Stay in the house, if she wants to leave let her but keep the kids.

Since it sounds as if you have not filed paperwork, you have every right to take the kids out and so does she.

You need a good family attorney, no divorce or most of them are not nice. They will lie, file false charges against you ect.

Close all joint accts OR put a freeze on them until the divorce is filed.

Pray for the best expect the worse.

Document Document

I am sure some others will post the helpfull linx you made need.

**These are my opinions, they are not legal advice**

MYSONSDAD

Who's name is on the house?

Wendl is very correct, let her go, but you keep those kids. I would not let her see the kids unless you are present. I would also have someone you trust to be there as a witness.

1. TGB's Newsletter - Tips For Getting Started
TGB's Newsletter ''Tips For Getting Started'' TGB's Newsletter ''Tips For Getting Started'' Articles related to this topic: Steps To Protect Yourself During Divorce Success Factors In Obtaining...
URL: http://www.deltabravo.net/news/10-19-2000.htm - size 8kb - 25 Oct 2003

2. Tips On Keeping Documentation
Here are some tips that a user of the SPARC site was kind enough to share with us. These are some great ideas and advice, the kind that only come through experience.
URL: http://www.deltabravo.net/custody/tips1.htm - size 13kb - 20 Oct 2003

3. SPARC Articles Archive
The SPARC Articles Archive contains hundreds of useful articles on custody and divorce, practical tips, commentary, emergency information, and many other topics.
URL: http://www.deltabravo.net/custody/articles.htm - size 37kb - 03 May 2004

6. If You Are Still In The Same House - Essential Preparations
This article is written primarily for men, because they are frequently kicked out of the house by being served with a restraining order.
URL: http://www.deltabravo.net/custody/samehouse.htm - size 5kb - 20 Oct 2003

Find a very good family law attorney and file for custody and a divorce.
If you have some legal issues, we have a national treasure here, Soc. You can write and ask him, just follow his mandated guidelines. You can find him at Dear Socrateaser. Just scroll down when you first come to the opening page and see the separate categories.

The longer those children are with you, the better your chances.

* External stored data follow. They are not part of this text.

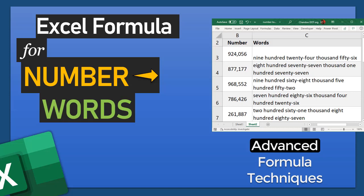Hello and welcome to chendu.org. If you ever wanted to convert a number to its word form — for example, 924056 — to that particular word form, then you can use this Excel formula that I'm explaining in this video. If you just care about the formula and don't want to know how it all works, go to the video description and grab a copy of the file.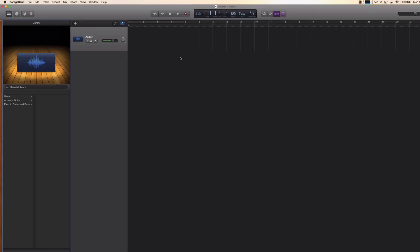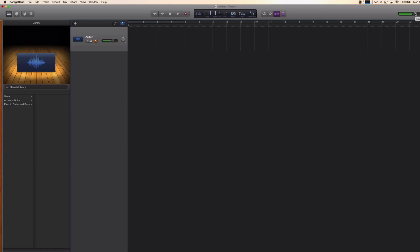So now while I talk you can see that this fader is moving, so that should mean that it's working right? Well we can also try it by clicking on this input monitoring button and when you do that you will hear yourself. You can also see at the master fader that the master volume, that something is happening.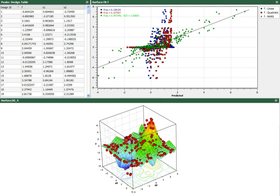The following design optimization algorithms are available in HEEDS: SHERPA, Multi-objective SHERPA, Genetic Algorithm, Sequential Quadratic Programming, Simulated Annealing, Response Surface Methodology, Multi-start Local Search, Particle Swarm Optimization, and Nelder-Mead Simplex.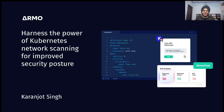Hey everyone. Thank you for joining me today on the CNCF KubeScape webinar as we explore the topic of harnessing the power of Kubernetes network scanning for improved security posture. My name is Karanjad Singh, and I'm excited to be your presenter for today's session. Before we dive into the details, let's start with a brief introduction. Today we are going to see how KubeScape will help to increase your security posture in Kubernetes through network scanning.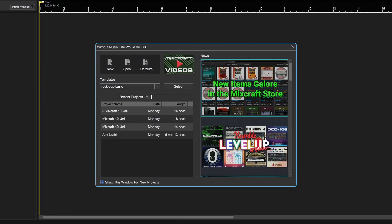In this video we'll look at using loops and the loop library in Mixcraft 10. We'll also add other locations in case you have your own loop folders already on your computer, plus check out the store to see if we can grab some free loops or purchase loops from there. But first, let's start to put together a song using the included loops that come with Mixcraft 10.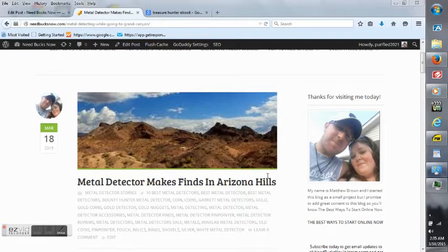Hey everybody, Matt Brown here. I just want to take a minute to read an article that I wrote today, March 18, 2015.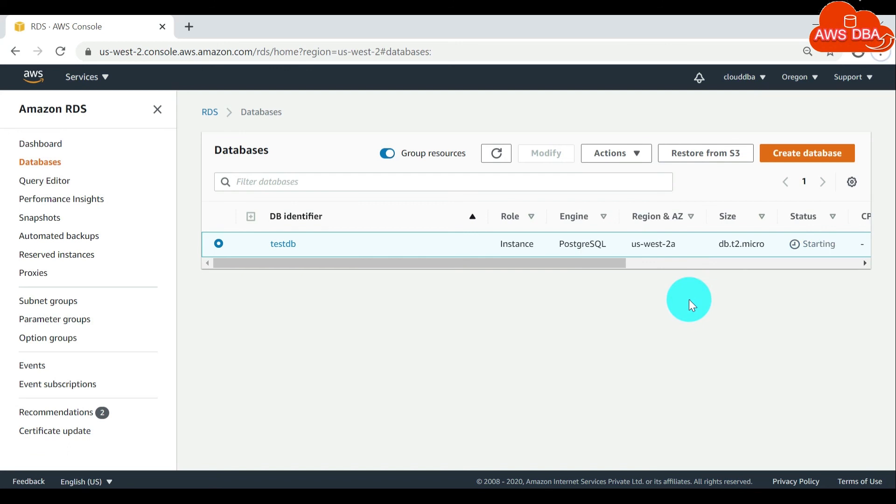You can see the status of your instance here. If the status is not available, wait for few minutes and refresh the list.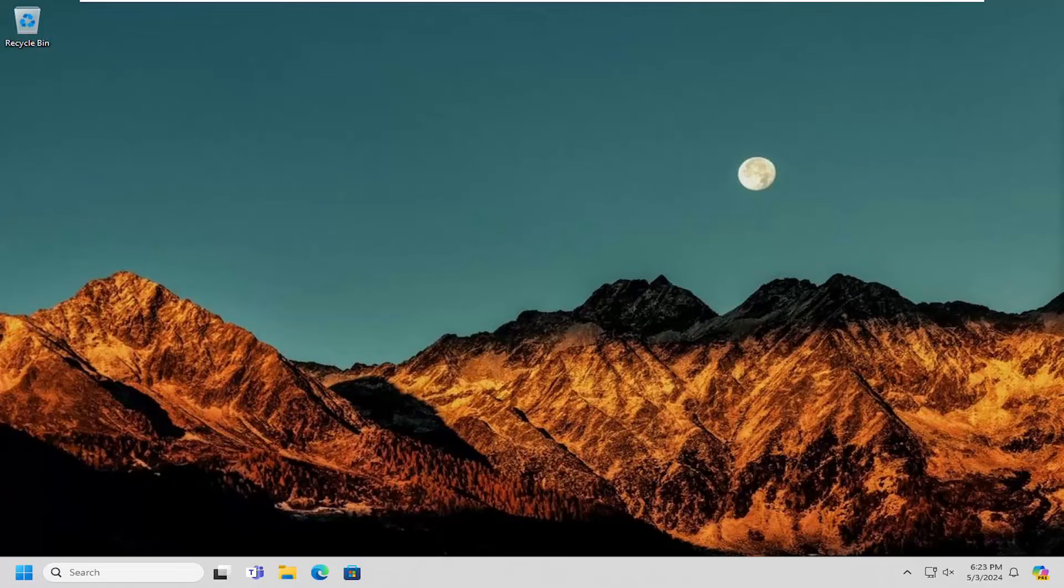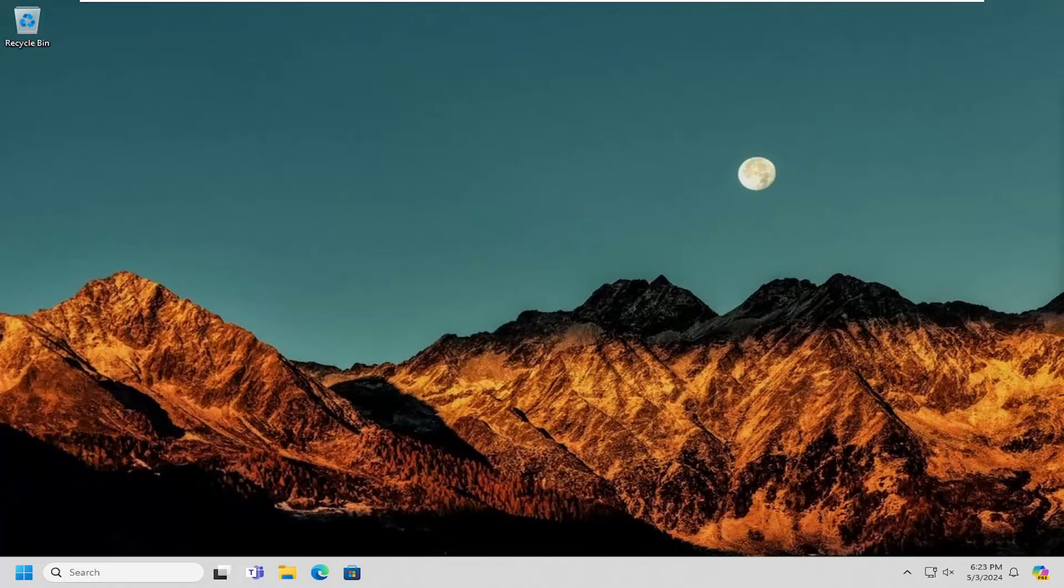In today's tutorial, I'm going to show you how to copy a file path on your Windows 10 or Windows 11 computer. So this should hopefully be a pretty straightforward process here.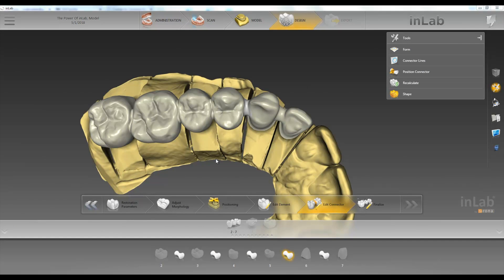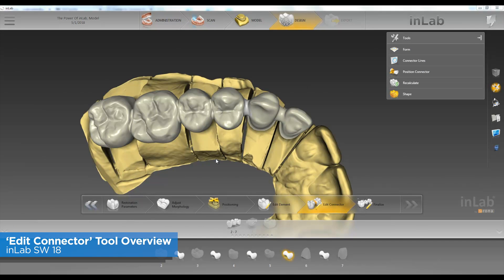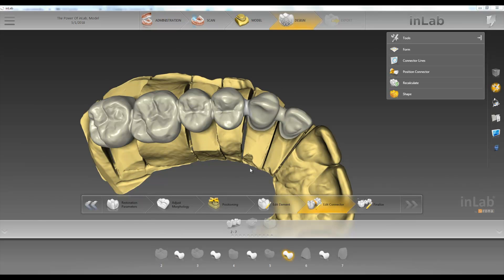Hello, this is Jay Black with Tekken 2. In this video we're going to go over the different tools that we have available to us in the edit connector step.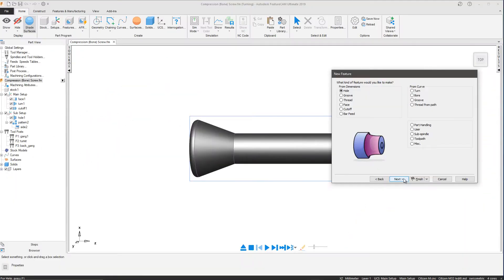In FeatureCam 2019, users now have the ability to create a thread path from a curve.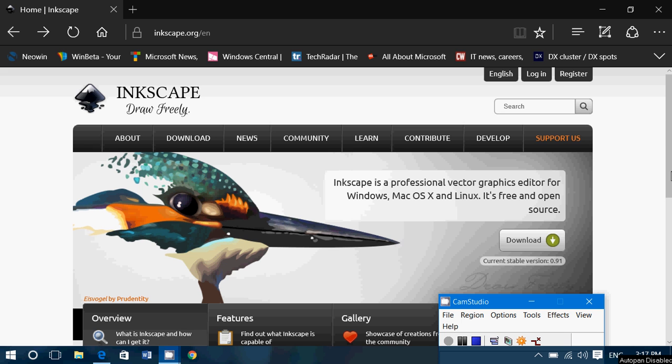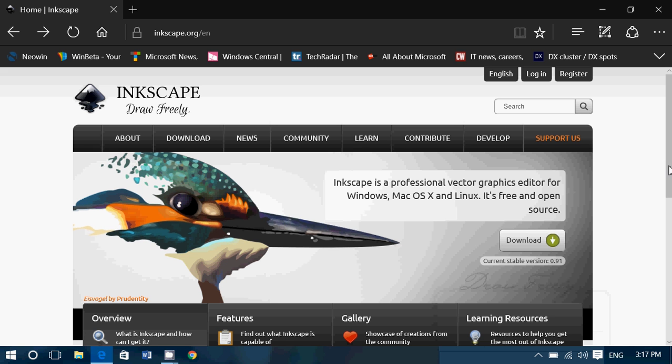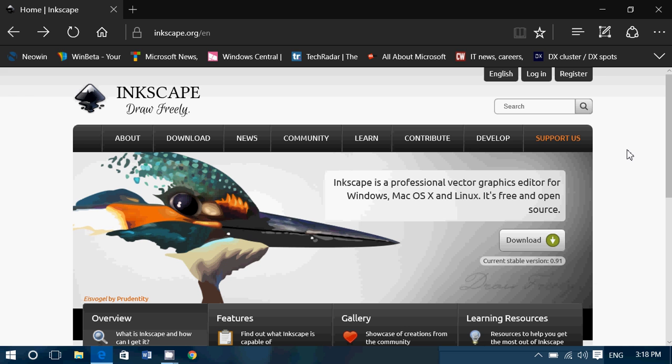Welcome to this Windows channel and this is another video in our series where we try to find alternatives to paid software. We had one with Photoshop and we talked about GIMP, which is a Photoshop alternative that works quite well and does open Photoshop pictures and projects.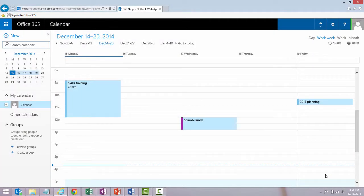Hey everyone, welcome back to 365 Ninja. In this video I'm going to show you how to get started creating meetings in the Outlook web app.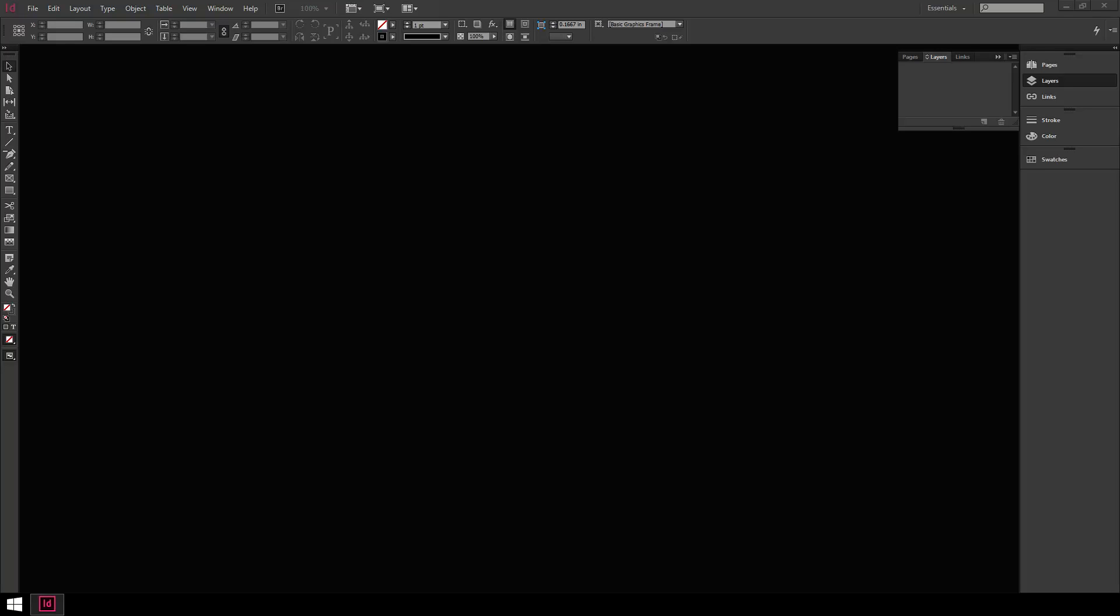In this video I want to look at the very basics of InDesign. I'll basically just show you the layout of the interface and how to open a new document and what settings to look for when you're doing so.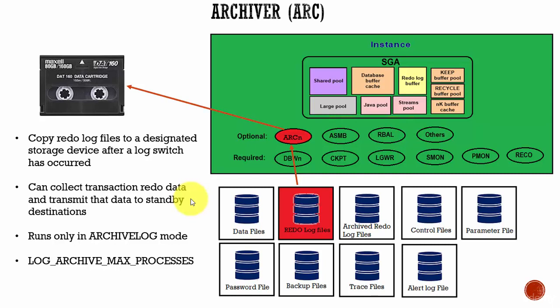But if there is a heavy workload for archiving, then you can configure more archiver processes using the log_archive_max_processes parameter.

Do you have any witnesses to the abuse you have been dealing with?

By the way, welcome to Sparc. Most of us have been where you are now. Many will respond and give added information. You have come to the right place....

flewwellin

The first thing I'd do, is if she hits you one more time, immediately call the cops and press charges.  You have no evidence if they aren't called.  Pass that I don't know, contact a lawyer but DON'T LEAVE THE HOME AND DON'T ALLOW HER TO TAKE THE KIDS AND MOVE.  If she is doing the stuff you say she has no right to have primary custody of your babies.  You sound like a responsible, and loving dad, I hope this all works out for you.  My advice is to hire a lawyer, and fight as hard and dirty as you have to.  Don't think about her feelings because trust me she won't think about yours.